16.5 for 9 December

1. The difficult part was understanding the elliptic curve Diffie-Hellman Key Exchange. It gave an example and threw out some numbers, so it took some time to understand what was going on.

2. I though that the similarity between the ElGamal Digital Signitures and the Elliptic Curve version was very interesting, since they basically look the same.

16.4 for 7 December

1. The most difficult part was understanding the example using an elliptic curve over GF(4). I was not completely sure why some of the polynomials that resulted from plugging in elements of GF(4) had no solutions.

2. Using elliptic curves over GF(2^n) seems like it should be useful for computer applications since computer scientists always seem to like things to be in powers of 2.

16.1 for 30 November

1. The example on page 350 was difficult to understand dealing with adding the points and talking about roots. I was a little unsure about what exactly was going on.

2. I thought the idea of points on an elliptic curve forming an Abelian group with an identity being the point at infinity was an interesting concept.

14.1-2 for 18 November

1. The tunnel example did not make much sense to me. The example of the similar idea with the Feige-Fiat-Shamir Identification scheme at first was a little hard to figure out how step four verified that Peggy knew s_i, but then I reread it and it made more sense.
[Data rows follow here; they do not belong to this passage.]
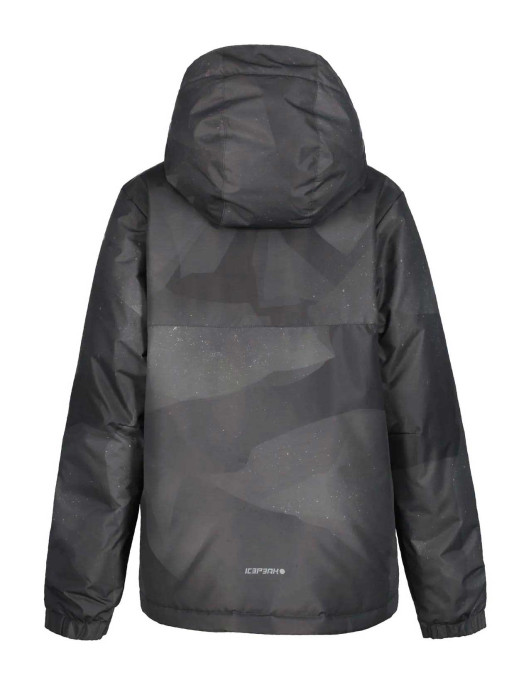 ICEPEAK LUTCHER JR Ski Jacket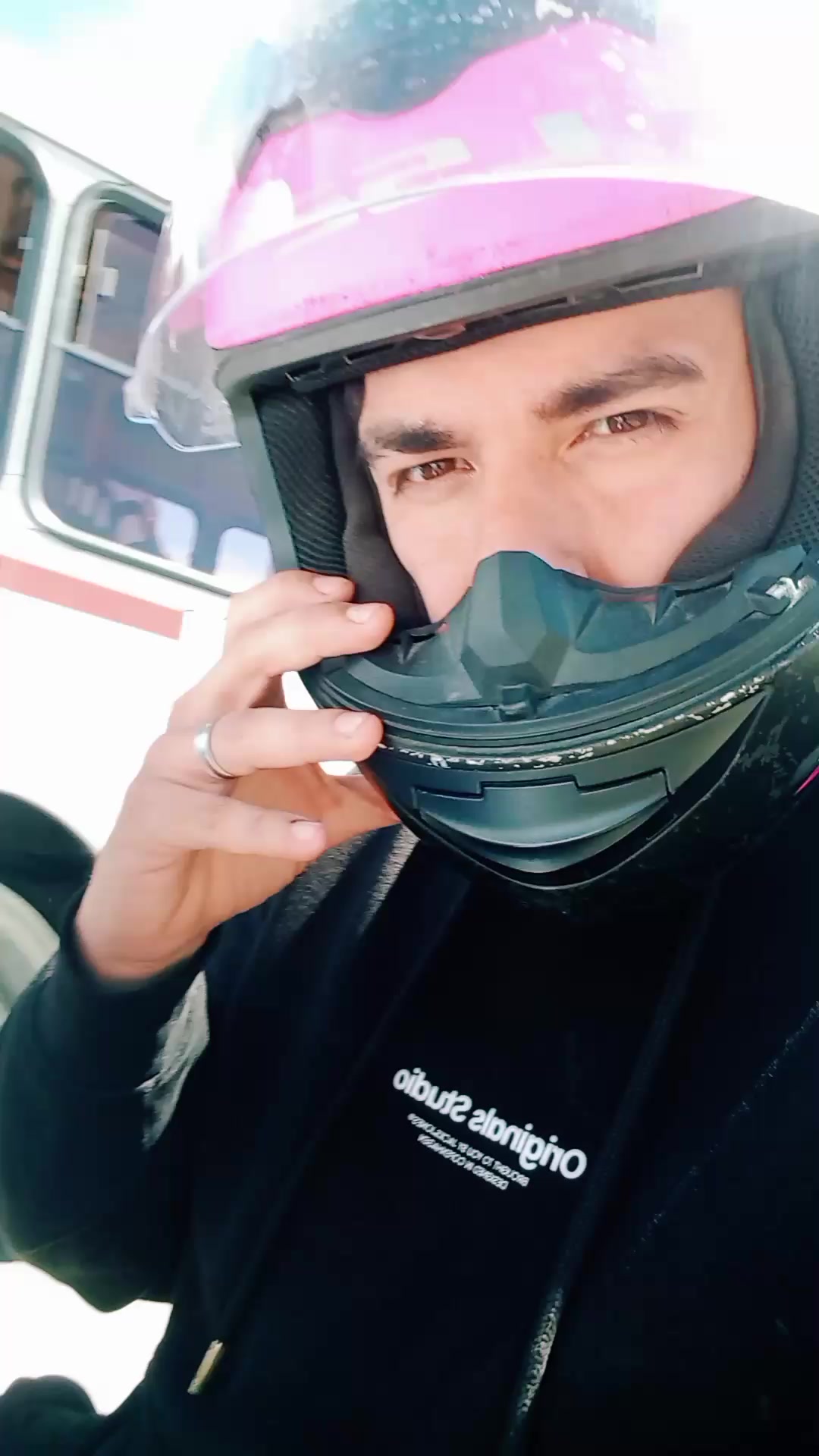 @Facu Nuñez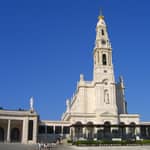 Lisbona: tour guidato del Santuario di Fatima e della Città dei Pastori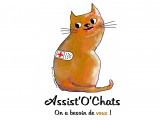 Assist'O'Chats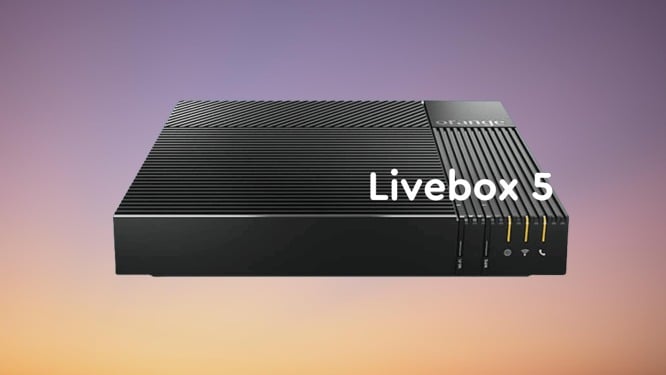 livebox-sosh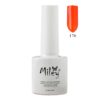 Oja semipermanenta Miley 8 ml - imagine 23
2. I thought that the idea of a zero knowledge proof was interesting, since it was a way of avoiding the ATM scam mentioned at the beginning of the book.

12.1 12.2 for 16 November

1. I was a little unsure of how the Vandermonde matrix was set up and why it worked exactly.

2. I thought the idea of secret sharing was interesting, that the secret could be split among 7 people but a minimum of 3 people would be needed to uncover it (as an example). The idea of an interpolation polynomial seemed like a creative way to go about it.

13 November

1. RSA is definitely a major topic, and how to attack it if it is not applied well. That would also include primality testing and factorization. Also discrete logs I would expect to have a significant portion.

2. I would expect to see some computational questions that would use techniques discussed in class to factor or find discrete logs, and some ciphers similar to what we have done in class that may have some weakness that can be exploited.

3. I feel like my weakest area is some of the more complicated algorithms such as Pohlig Hellman and the Quadratic Sieve.

4. Anything that would relate to number theory somehow I would find interesting, but there is nothing in particular I can think of.

8.3,9.5 For 11 November

1. There were a lot of steps and details in the SHA-1 algorithm. The difficult steps for me were steps 1 and 3d. I was a the function was a little strange that is used in 3d and then the first step just didn't come clearly to me.

2. I thought it was interesting to see some actual hashes and signing algorithms now that we have talked in detail about what they are and some possible uses and weaknesses.